They found a woman who had been sewn shut with human waste
They found a woman who. This is so gross. They found a woman whose mouth had been sewn shut. And once they cut the stitches open, they discovered that her mouth was filled with human waste.
>> Taylor: Oh, God.
>> Farz: Yeah. There was a man who had his limbs broken and then reset to heal backwards. They call him the grab man. Is that crazy? They found a woman who was strapped down and had strips of skin ripped off of her, suggesting that she'd been consistently flayed over time, like a long period of time. One woman, she was somehow alive. Her stomach was cut open and her intestines were wrapped around her waist.
>> Taylor: Was she alive?
>> Farz: Yeah, briefly. She died very soon after they found her.
>> Taylor: Yeah.
>> Farz: And then several others were found chained to the wall.

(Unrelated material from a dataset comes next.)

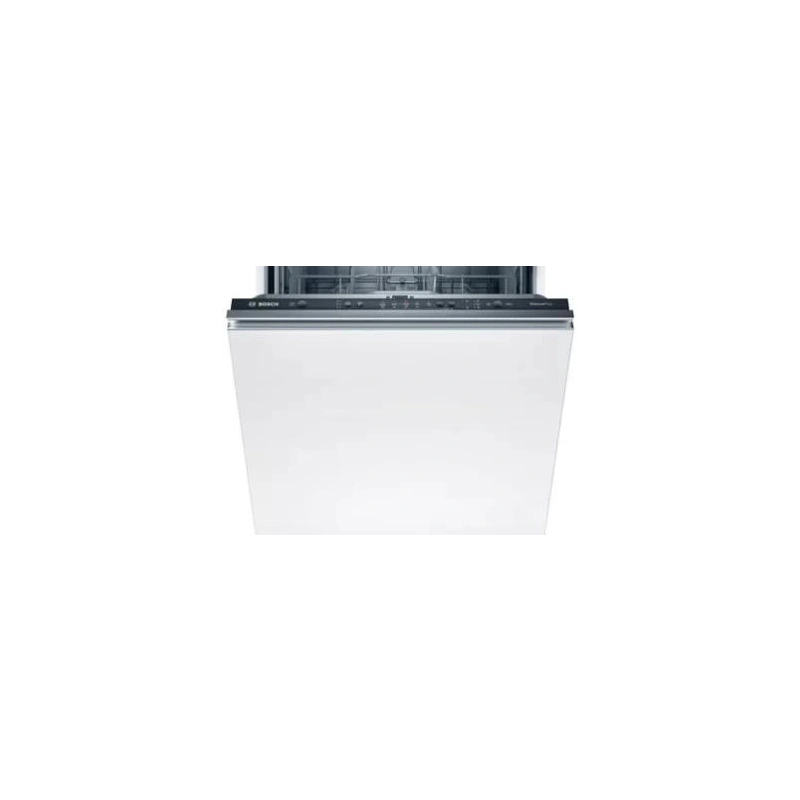 Встраиваемая посудомоечная машина Bosch SMV25CX02R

And they had iron collars with spikes aimed inwards on their neck.
>> Taylor: Oh my God.
>> Farz: Yeah. So to the credit of the people at the time when the cruelty was discovered, the citizenry basically just rioted and started destroying the mansion. They destroyed all the furniture inside, set fire to it. People questioned her. They didn't question Delphine. Her presence during all this is kind of like, like in question. Like we don't know exactly what happened, but her husband's perspective on this was like, why are you inquiring? Like, why. How dare you ask me how I treat my property. Like, you know, it's my stuff. Basically, what he was saying. So they destroy the mansion. They set fire to it. They destroy everything inside of it. They. They take the slaves and they transfer them to the local jail. And the reason that they wanted to do that was because they wanted people to see the cruelty. But I was like, that's kind of cruel, too. Like, don't drop.
>> Taylor: They're not going to free them, right?
>> Farz: No, they're not going to. Don't they have hospitals? I mean, I don't.
>> Taylor: I don't know.
>> Farz: Maybe they just don't care. They probably don't care.
>> Taylor: Did they have a doctor beat them at the prison?
>> Farz: I don't know.
>> Taylor: I don't know.
>> Farz: Yeah. But apparently 4,000 people went in and out of the jail just to see what was going on there.
>> Taylor: Of course they did.
>> Farz: Yeah, that. That also, it's interesting because it kind of dovetails the. The Civil War where, like, the uprisings, the cruelty is just like. It's just all kind of ramping up. And.
>> Taylor: And what year. What year? What year was it?
>> Farz: Like 18 for 1834.
>> Taylor: Okay.
>> Farz: Yeah. I mean, we're still ways off, but it's like, so, like, it's. Things are. Things are ramping up.
>> Taylor: Yeah.
>> Farz: Like I said, we don't know after this whole key situation happened with the slave quarters what Delphine was doing or wasn't doing, but we know that once she saw the mob kind of tearing apart her house, her. The two kids that were living with her and her mother, who was also living with her, they fled from New Orleans to Millbill, Alabama, and then went to Paris, France, from there. And that's where she lives. She kept wanting to come back to New Orleans, her home. She wanted to come back to. To where it was, but her family was like, no, you definitely cannot go back there. They're going to repeat limb from limb.
>> Taylor: Yeah.
>> Farz: She ended up living in Paris until the age of 62. She died in 1849. And the record keeping around how she died is sparse. Some stories I read said that she died on a wild boar hunting accident, but we don't know exactly how she died. And then four years after this mob had destroyed and burnt the. The mansion to the ground, the property that it sat on was acquired by a private citizen and rebuilt.
>> Taylor: So, like, he rebuilt it, but it's. So the one that you can visit now. Isn't the one that she lived in.
>> Farz: No, no. I mean, I'm sure, like, the foundation is, and, like, maybe some studs are, but, like, area.
>> Taylor: But, like.
>> Farz: Okay, yeah, yeah. And then Nicholas. In 2007, Nicholas Cage bought it and then later lost its foreclosure. But that's it. That's the Delphine Laurie of New Orleans. One of the worst people to ever live and a cruel, mysterious piece of s***.
>> Taylor: Are they sure it was her? Like, just her, or was it, like, other people helping her?
>> Farz: It's all speculation, like I said.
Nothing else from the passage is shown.